Consuming more carbohydrates on long training rides and during events improves endurance and recovery. Regarding athletic performance, carbohydrate and energy availability are the keys. Considering this advice, we need to take on energy, ideally in readily digestible forms such as glucose, on rides longer than one-and-a-half to two hours.

 

Amateurs rarely require the vast amounts of carbohydrates pros ingest during hard Grand Tour stages. But we should aim for 60 to 90g per hour on four- or five-hour rides and potentially up to 120g if going longer, particularly on consecutive days.

 

 

Prepare Your Gut

The gut needs to be trained in the final stages of your cycling training plan - something many un-coached athletes fail to do. It can take 12 weeks for the gut to adapt to digesting food for hours on end. In the final three months of training, trialling your event-day nutrition on long rides is recommended, even if the intensity is lower than your target pace.

 

What you enjoy eating, can digest, and fuel you well on the bike is highly personal, and athletes have different preferences.
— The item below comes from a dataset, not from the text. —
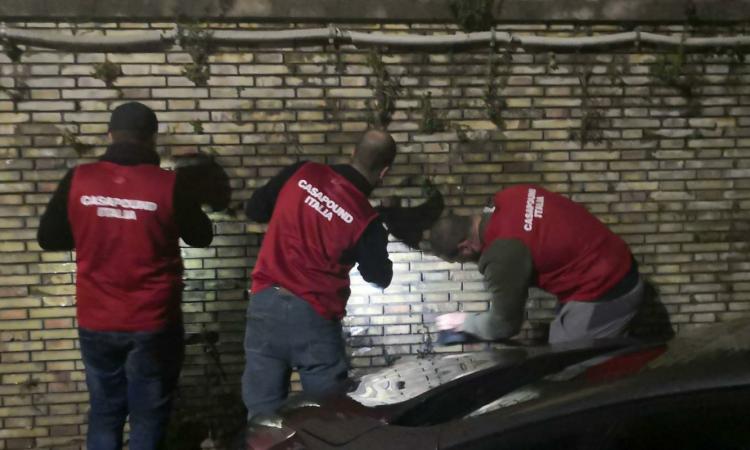 Macerata, attivisti di CasaPound rimuovono la scritta contro Pamela dal muro della scuola Macerata, attivisti di CasaPound rimuovono la scritta contro Pamela dal muro della scuola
Some athletes will do 12 hours or longer on liquids, like gels or liquids like Ensure. It's all you need: a great density of carbohydrates and a mix of protein and fat.

 

 

Mind Your Mind

When you overlook the mental side of training, you're starting down a slippery slope where you risk burnout. Staying thankful for what you do have can stop a poor training session from becoming the end of the world. Certain athletes are as psychologically tough as they come, but when it comes to everyday riders improving their mental fitness is critical.

 

Looking for ways to keep topping up motivation through goal setting and gratitude practice is recommended. Staying thankful for what you do have can stop a poor training session from becoming the end of the world. It's also great for your physical performance, not to give yourself a hard time and be too 'all or nothing'.

 

 

Conclusion

Improving cycling endurance is critical to achieving your goals, whether you aim to compete in a gravel race, mountain bike racing, or ride 100 miles or further. Increasing your training volume, lowering the intensity, tailoring your training, eating more carbs, preparing your gut, and minding your mind can improve your cycling endurance and enhance your cycling performance. Remember that what works for one person might not work for another, so it's essential to experiment and find the best approach for you.